▶ Instructions for the task: Repeat the listing exactly, line by line, and leave the pictures behind.

▶ Given information:
-.-.-
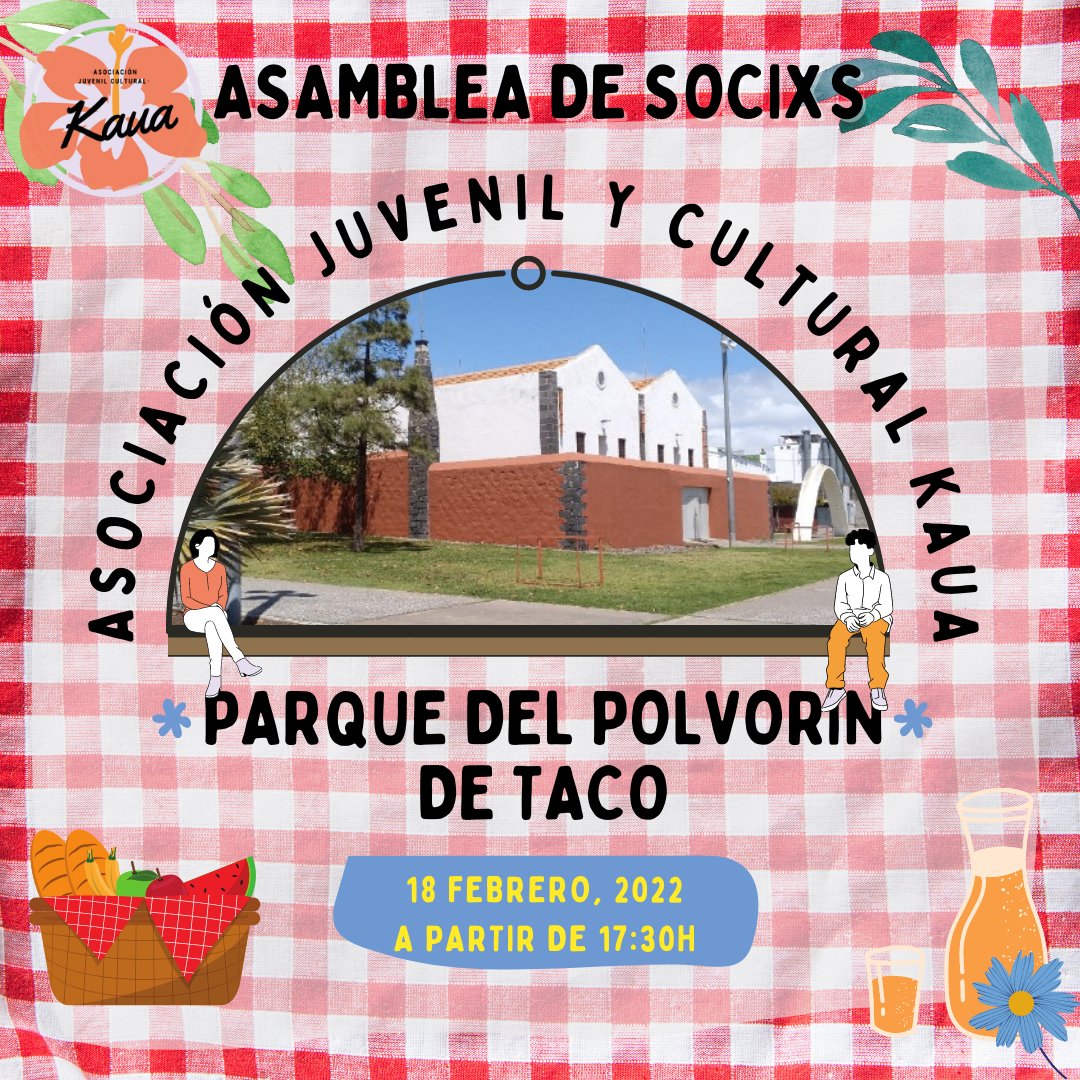 🧺🍇🫐 PICNIC / ASAMBLEA DE KAUA 2022 🫐🍇🧺

Este viernes 18 de Febrero de 2022🗓️ a partir de las 17:30h trae tu manta y acercate a nuestro picnic en el Parque del Polvorín de Taco🌳 

forms.gle/tN5QX1tTzDMLQk…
-.-.-
▶ Output of the task:
 🧺🍇🫐 PICNIC / ASAMBLEA DE KAUA 2022 🫐🍇🧺

Este viernes 18 de Febrero de 2022🗓️ a partir de las 17:30h trae tu manta y acercate a nuestro picnic en el Parque del Polvorín de Taco🌳 

forms.gle/tN5QX1tTzDMLQk…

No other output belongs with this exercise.